2.3 Multimodal Information Fusion

Multimodal information fusion addresses the task of integrating inputs from various modalities and has shown superior performance compared to unimodal approaches [4, 10] in variety of applications [2, 21, 35]. The simplest approach is to concatenate features to obtain a single vector representation [23, 29]. However it ignores the relative correlation between the modalities [2].

More complex fusion strategies include concatenating higher level representations from individual modalities separately and then combining them together, enabling the model to learn the salient aspects of individual streams. In this direction, attempts were made using Deep Boltzmann Machines [31] and neural network architectures [9, 25].

In [15] the authors explore the importance of capturing both short and longterm temporal context when performing feature fusion, utilising separate neural memory units for individual feature streams and aggregating the temporal representation during fusion. Yet this fails to preserve the spatial structure, restricting its applicability when modelling human navigation.

3 Architecture

In this section we introduce the encoding scheme utilised to embed the trajectory information of the pedestrian of interest and their neighbours; the structure and the operations of the proposed hierarchical memory; how to utilise memory output to enhance the future trajectory prediction; and an architecture for effectively coupling multimodal information streams through structured memories.

3.1 Embedding Local Neighbourhood Context

In order to embed the current short-term context of the pedestrian of interest and the local neighbourhood, we utilise the trajectory prediction framework proposed in [16]. Let the observed trajectory of pedestrian k from frame 1 to frame \(T_{obs}\) be given by,

$$\begin{aligned} X^k=[(x_1,y_1), (x_2,y_2), \ldots , (x_{T_{obs}},y_{T_{obs}})] , \end{aligned}$$
(1)

where the trajectory is composed of points in a 2D Cartesian grid. Similar to [16] we utilise the soft attention operation [8] to embed the trajectory information from the pedestrian of interest (k) and generate a vector embedding \(C^{s,k}_t\). To embed neighbouring trajectories the authors in [16, 19] have shown that distance based hardwired attention is efficient and effective. We denote the hardwired context vector as \(C_{t}^{h,k}\).

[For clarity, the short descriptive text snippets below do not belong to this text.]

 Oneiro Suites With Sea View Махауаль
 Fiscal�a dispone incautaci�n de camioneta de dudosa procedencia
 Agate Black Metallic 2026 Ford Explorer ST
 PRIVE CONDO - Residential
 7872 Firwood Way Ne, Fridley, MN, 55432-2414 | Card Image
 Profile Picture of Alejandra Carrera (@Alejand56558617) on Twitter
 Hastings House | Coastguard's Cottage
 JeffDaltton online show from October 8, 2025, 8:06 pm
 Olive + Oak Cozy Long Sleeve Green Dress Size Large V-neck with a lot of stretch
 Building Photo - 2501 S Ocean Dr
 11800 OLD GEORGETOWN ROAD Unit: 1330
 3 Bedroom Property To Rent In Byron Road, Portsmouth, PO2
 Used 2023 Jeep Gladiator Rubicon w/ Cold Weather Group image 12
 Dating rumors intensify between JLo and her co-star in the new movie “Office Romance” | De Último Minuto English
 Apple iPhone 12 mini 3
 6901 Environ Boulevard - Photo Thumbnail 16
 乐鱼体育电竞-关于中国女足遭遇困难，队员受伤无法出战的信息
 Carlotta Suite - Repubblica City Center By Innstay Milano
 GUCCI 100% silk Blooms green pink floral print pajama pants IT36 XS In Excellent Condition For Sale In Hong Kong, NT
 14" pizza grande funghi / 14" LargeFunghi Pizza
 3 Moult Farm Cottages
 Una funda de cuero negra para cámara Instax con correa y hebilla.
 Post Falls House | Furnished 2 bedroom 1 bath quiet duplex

Now we define the combined context vector, \(C_{t}^{*,k}\), representing the short-term context of the local neighbourhood of the \(k^{th}\) pedestrian as,

$$\begin{aligned} C_{t}^{*,k}=\mathrm {tanh}([C_{t}^{s,k},C_{t}^{h,k}]), \end{aligned}$$
(2)

where [., .] denotes a concatenation operation. Please see [16, 19] for details.

3.2 Structured Memory Network (SMN)

Let the structured memory, M, be a \(l \times W \times H\) block where l is the embedding dimension of \(p_t^k\). W is the vertical extent of the map and H is the horizontal extent. We define a function \(\psi (x,y)\) which maps spatial coordinates (xy) with \(x \in \mathbb {R}\) and \(y \in \mathbb {R}\) to a map grid \((x', y')\) where \(x' \in {0, \ldots , W}\) and \(y' \in {0, \ldots , H}\). The works of [16, 19] have shown that the context embeddings \(C_{t}^{*,k}\) capture the short-term context of the pedestrian of interest and the local neighbourhood. Hence we store these embeddings in our structured memory as it represents the temporal context in that grid cell. The operations of the proposed structured memory network (SMN) can be summarised as follows,

$$\begin{aligned} h_t= \mathrm {read}({M_t}), \end{aligned}$$
(3)
$$\begin{aligned} \beta ^{(x', y')}_{t+1}= \mathrm {{write}(C_{t}^{*,k}, M_t^{(x',y')})}, \end{aligned}$$
(4)
$$\begin{aligned} M_{t+1}= \mathrm {{update}}(M_t, w^{(x', y')}_{t+1}). \end{aligned}$$
(5)

The following subsections explain these three operations.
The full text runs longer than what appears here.